There is complete unanimity among the authorities everywhere that no right of indemnity exists on behalf of either party against the other, in such a case. There is only a common liability and not a primary and secondary one, even though one may have been much more negligent than the other. Id. at 871, quoting Builders Supply Co. v. McCabe, 366 Pa. 322, 77 A.2d 368, 371 (1951). See also Helz v. Pittsburgh, 387 Pa. 169, 127 A.2d 89 (1956).

 In the case at bar, both parties were involved in the events leading up to the injury, and each has been found negligent. Therefore, common liability exists, and the principles of comparative negligence will be utilized to apportion liability.

 The Court finds that the Pennsylvania Comparative Negligence Statute, 42 Pa. C.S.A. § 7102, governs the apportionment of liability and damages in this case. The statute states that:


Where recovery is allowed against more than one defendant, each defendant shall be liable for that proportion of the total dollar amount awarded as damages in the ratio of the amount of his causal negligence to the amount of causal negligence attributed to all defendants against whom recovery is allowed. Any defendant who is so compelled to pay more than his percentage share may seek contribution.

 42 Pa. C.S.A. § 7102(b).

 After careful analysis of the record, exhibits, and briefs submitted by counsel, this Court concludes that Farmers was compelled by the settlement to pay damages in excess of its amount of causal negligence.
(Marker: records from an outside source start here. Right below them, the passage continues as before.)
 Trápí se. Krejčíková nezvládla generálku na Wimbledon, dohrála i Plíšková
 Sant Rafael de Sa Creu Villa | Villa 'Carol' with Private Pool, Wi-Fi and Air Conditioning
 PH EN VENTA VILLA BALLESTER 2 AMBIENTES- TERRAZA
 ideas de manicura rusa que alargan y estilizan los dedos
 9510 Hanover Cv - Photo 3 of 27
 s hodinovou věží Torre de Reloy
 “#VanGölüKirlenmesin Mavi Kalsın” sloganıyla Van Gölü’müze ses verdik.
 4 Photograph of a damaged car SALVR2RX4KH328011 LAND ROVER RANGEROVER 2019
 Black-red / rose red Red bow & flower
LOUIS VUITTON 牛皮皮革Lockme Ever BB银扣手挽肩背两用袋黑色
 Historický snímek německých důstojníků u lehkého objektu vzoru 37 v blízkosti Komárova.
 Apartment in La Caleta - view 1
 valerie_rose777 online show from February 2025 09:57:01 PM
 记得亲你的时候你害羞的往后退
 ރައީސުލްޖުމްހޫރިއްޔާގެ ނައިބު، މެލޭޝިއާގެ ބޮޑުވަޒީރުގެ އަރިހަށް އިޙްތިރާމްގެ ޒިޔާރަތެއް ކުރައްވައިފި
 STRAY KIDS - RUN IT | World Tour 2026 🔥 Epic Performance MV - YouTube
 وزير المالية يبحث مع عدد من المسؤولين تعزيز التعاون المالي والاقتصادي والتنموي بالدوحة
In its discretion, this Court finds that contribution is in order such that Farmers is responsible for twenty percent of the damages award and Energy is responsible for eighty percent.

 An appropriate order follows.


 AND NOW, this 28th day of October, 1987, upon consideration of transcript of bench trial on crossclaim (Docket Entry Nos. 108 and 109), defendant's proposed findings of fact, conclusions of law (Docket Entry No. 112), Farmers Export Co., Inc.'s proposed findings of fact (Docket Entry No. 113), Farmers Export. Co., Inc.'s proposed conclusions of law (Docket Entry No. 114), Farmers Export Co., Inc.'s post trial memorandum (Docket Entry No. 115), Exhibits A-F (Docket Entry Nos. 116 and 117), response of Energy Terminals, Inc. (Docket Entry No. 118), counter designation of proposed findings of fact (Docket Entry No. 119), reply memorandum (Docket Entry No. 120), and transcript of argument (Docket Entry No. 121), it is hereby ORDERED that judgment is entered in this case and that the Court FINDS that Farmers Export Co., Inc. is responsible for twenty (20%) percent of the damage award to the plaintiffs and Energy Terminals, Inc. is responsible for eighty (80%) of the damage award to the plaintiffs.